# [Work instruction]
The entries below contain a line with "Amy Fusion Shine" and a line with "Maglia scollo a cuore". Quote exactly those two lines and all lines between them.

# [Exercise material]

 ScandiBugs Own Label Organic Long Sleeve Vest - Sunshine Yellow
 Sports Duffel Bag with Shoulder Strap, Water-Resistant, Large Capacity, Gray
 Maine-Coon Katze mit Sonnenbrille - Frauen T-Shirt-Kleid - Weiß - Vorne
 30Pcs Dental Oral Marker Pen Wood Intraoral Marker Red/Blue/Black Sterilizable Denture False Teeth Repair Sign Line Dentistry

---

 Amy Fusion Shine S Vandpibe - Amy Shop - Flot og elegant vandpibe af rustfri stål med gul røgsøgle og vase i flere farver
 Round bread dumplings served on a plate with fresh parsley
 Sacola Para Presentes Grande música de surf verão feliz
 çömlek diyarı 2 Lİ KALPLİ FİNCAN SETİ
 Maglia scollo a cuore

---

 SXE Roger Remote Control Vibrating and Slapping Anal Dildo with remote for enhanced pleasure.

# [Worked solution]
 Amy Fusion Shine S Vandpibe - Amy Shop - Flot og elegant vandpibe af rustfri stål med gul røgsøgle og vase i flere farver
 Round bread dumplings served on a plate with fresh parsley
 Sacola Para Presentes Grande música de surf verão feliz
 çömlek diyarı 2 Lİ KALPLİ FİNCAN SETİ
 Maglia scollo a cuore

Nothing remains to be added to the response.